Task item
Retype exactly every line from the one that includes "helm sepeda Xzone" through the final line of the listing, both ends kept, and omit the pictures.

Data shown
BEGIN
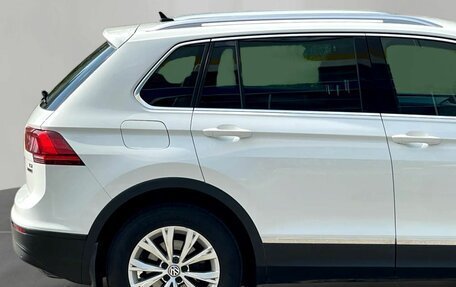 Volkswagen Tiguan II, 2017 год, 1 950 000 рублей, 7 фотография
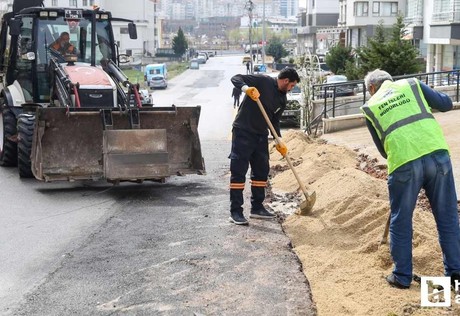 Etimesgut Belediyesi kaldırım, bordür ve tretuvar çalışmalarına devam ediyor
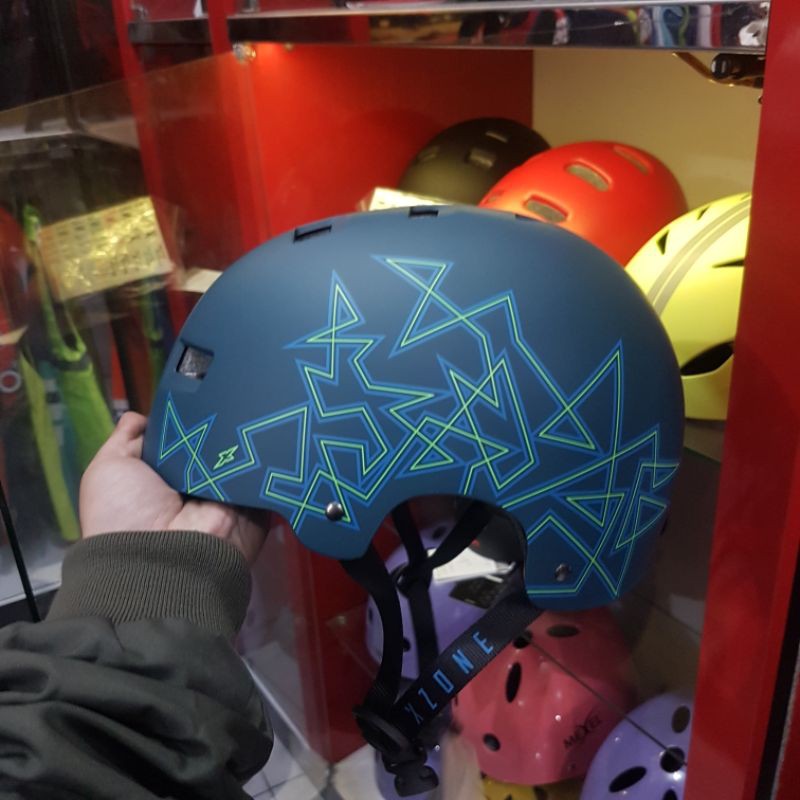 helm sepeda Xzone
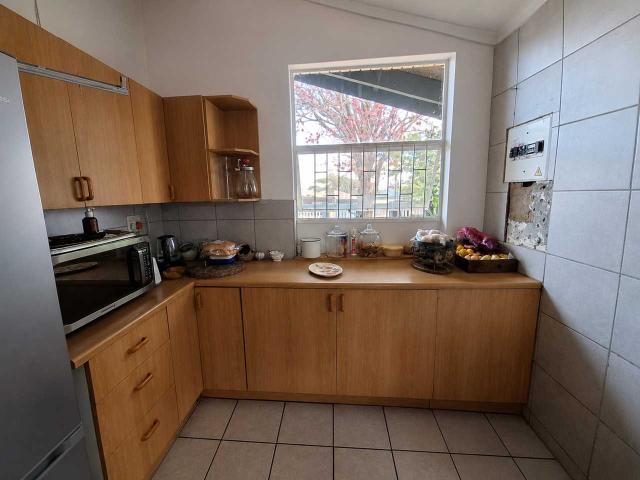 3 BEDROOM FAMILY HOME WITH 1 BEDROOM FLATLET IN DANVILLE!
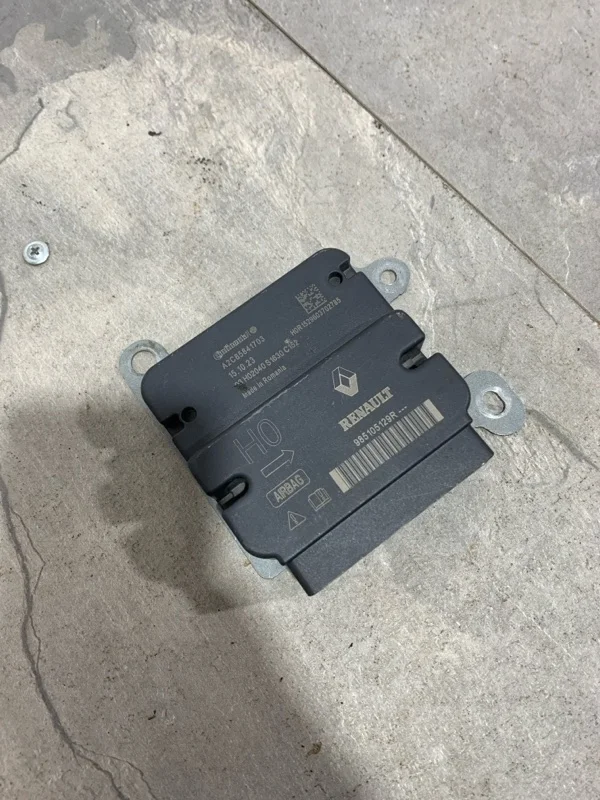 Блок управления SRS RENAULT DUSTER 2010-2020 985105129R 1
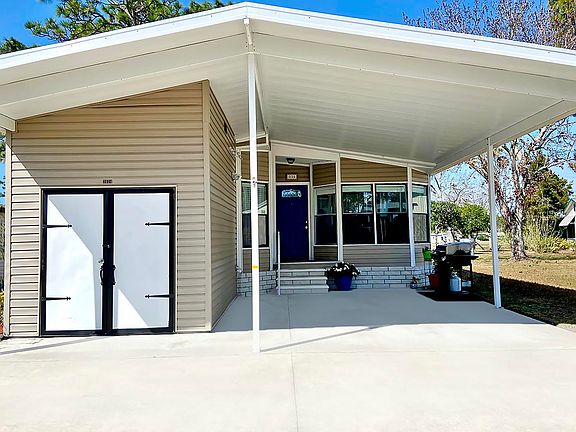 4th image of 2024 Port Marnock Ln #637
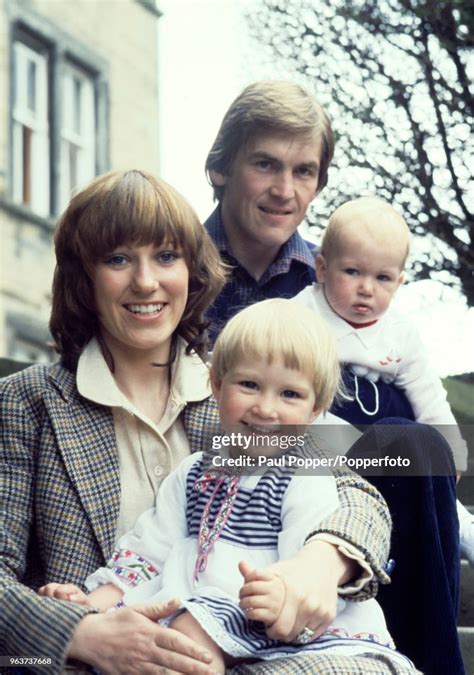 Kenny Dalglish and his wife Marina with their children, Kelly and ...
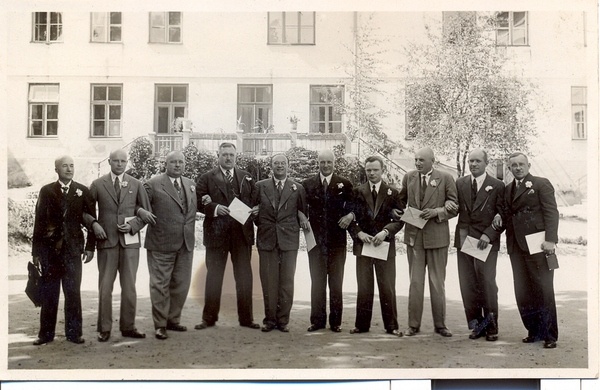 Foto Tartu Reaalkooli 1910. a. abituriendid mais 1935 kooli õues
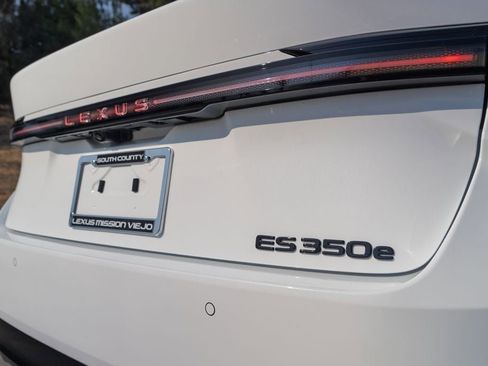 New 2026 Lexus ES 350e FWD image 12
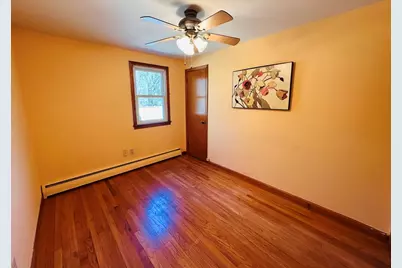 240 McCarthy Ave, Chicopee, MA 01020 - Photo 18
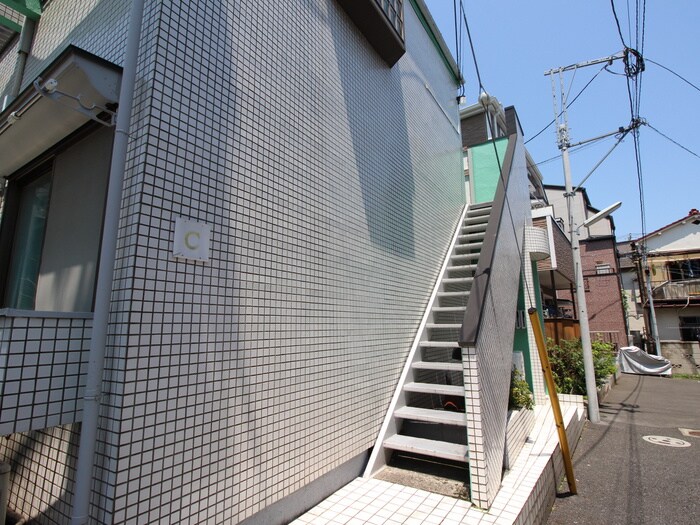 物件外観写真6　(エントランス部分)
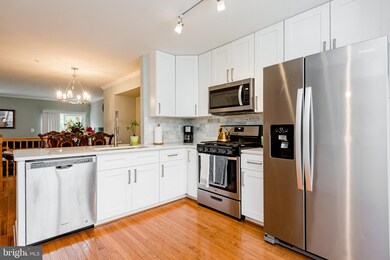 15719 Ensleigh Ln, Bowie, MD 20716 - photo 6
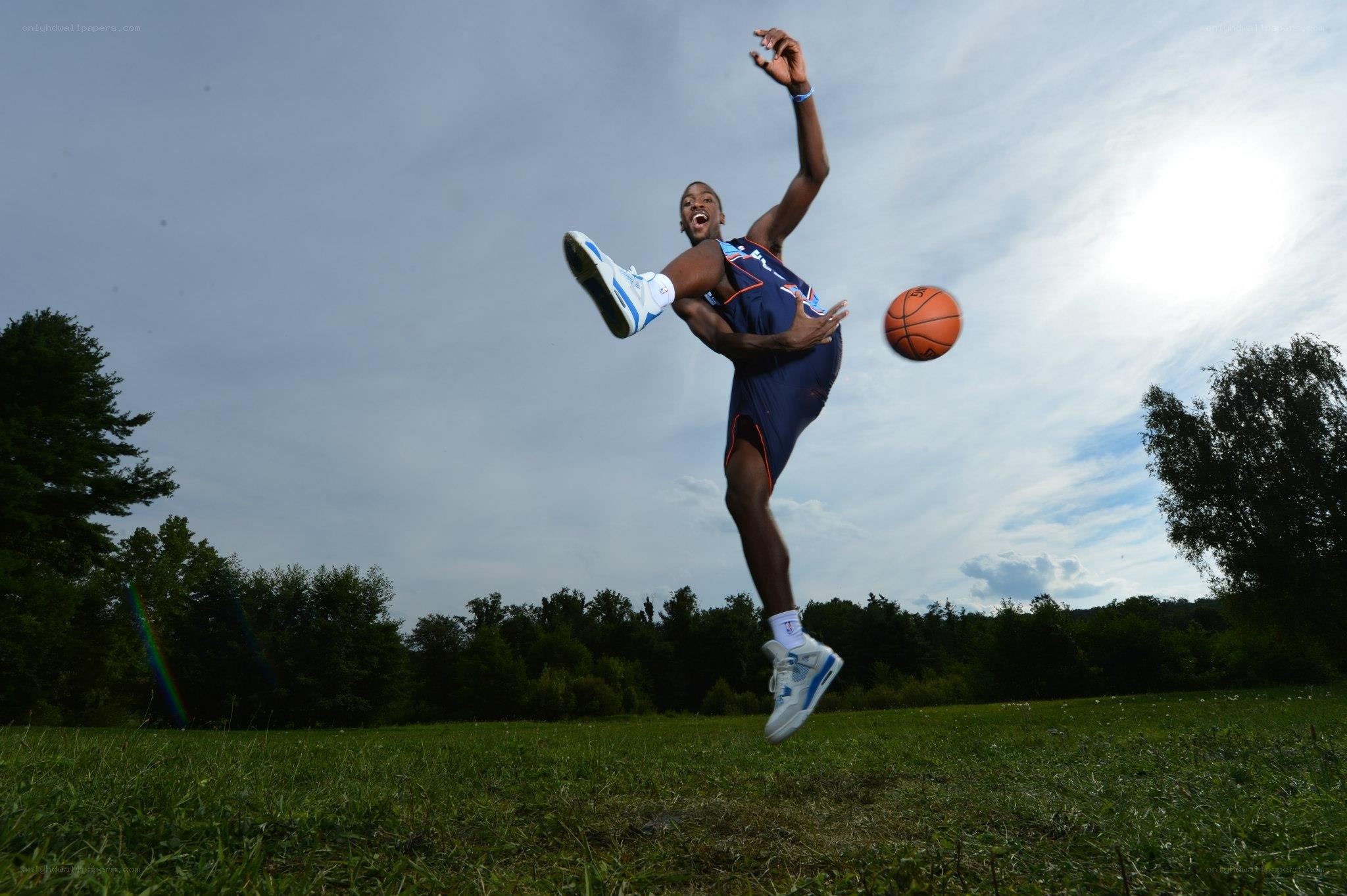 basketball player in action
END
Expected answer
 helm sepeda Xzone
 3 BEDROOM FAMILY HOME WITH 1 BEDROOM FLATLET IN DANVILLE!
 Блок управления SRS RENAULT DUSTER 2010-2020 985105129R 1
 4th image of 2024 Port Marnock Ln #637
 Kenny Dalglish and his wife Marina with their children, Kelly and ...
 Foto Tartu Reaalkooli 1910. a. abituriendid mais 1935 kooli õues
 New 2026 Lexus ES 350e FWD image 12
 240 McCarthy Ave, Chicopee, MA 01020 - Photo 18
 物件外観写真6　(エントランス部分)
 15719 Ensleigh Ln, Bowie, MD 20716 - photo 6
 basketball player in action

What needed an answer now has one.